Bonner’s maternal aunt, who in January 2006 was ruled his sole heir.
Now allegations that her troubled granddaughter who effected the heirship has been bleeding her fortune and the Bonner estate of hundreds of thousands of dollars for personal benefit.
Michelle Valicek, a San Antonio criminal defense and family lawyer, eventually took over the administration of the Bonner estate in 2006 on behalf of her grandmother, Margaret Lorenz, 94, an aging but drifting beauty whose estate she also oversaw.
A judge stripped Valicek of these responsibilities after allegations of elderly abuse surfaced this spring in the form of a Texas Adult Protective Services investigation that was revealed in a letter to the court asking that a guardian be appointed for Lorenz. One was.
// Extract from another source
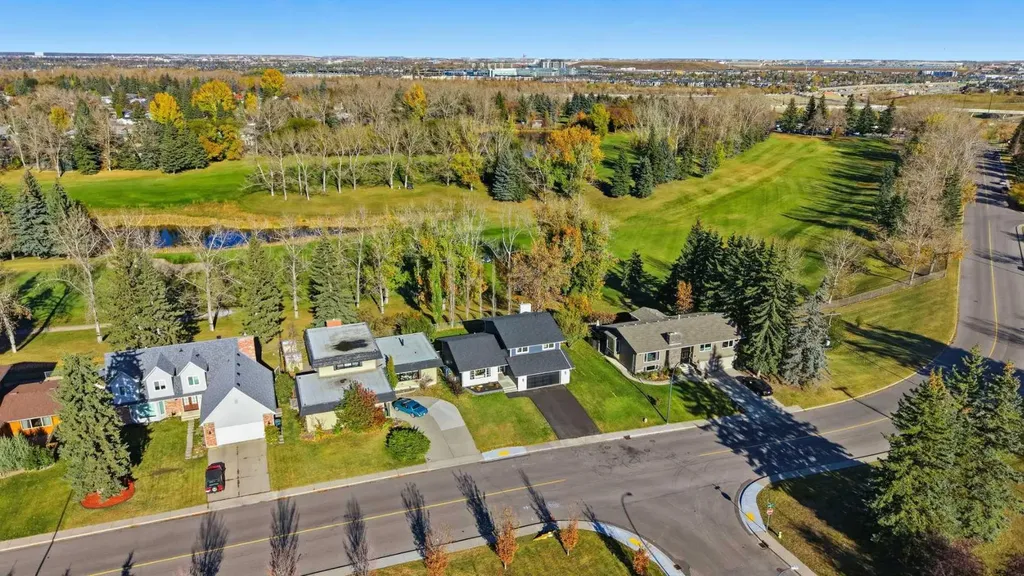 1016 Mapleglade Drive SE Calgary AB T2G 2G6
The allegations state that Valicek had taken out credit cards in Lorenz’s name, gifted $150,000 to other family members and had engaged in “exploitations” against Lorenz’s investments, “in excess of $400,000.
A court investigator wrote in a report to the court that one of the estate’s bank accounts that had $475,000 last July was depleted to $121,000 recently and that Valicek was spending at a rate of $25,000 a month off the Bonner fortune.
According to an inventory prepared for the court, Valicek used money from either the Bonner estate or her grandmother to purchase a $25,000 Lexus, a $13,500 Steinway baby grand piano, a pool table, a mansion, another house where her mother apparently was living, and to pay $20,000 in back child support for her younger brother.
The probe is ongoing. Valicek has invoked her Fifth Amendment right against self-incrimination in recent hearings. She faces the loss of her law license and the loss of her freedom.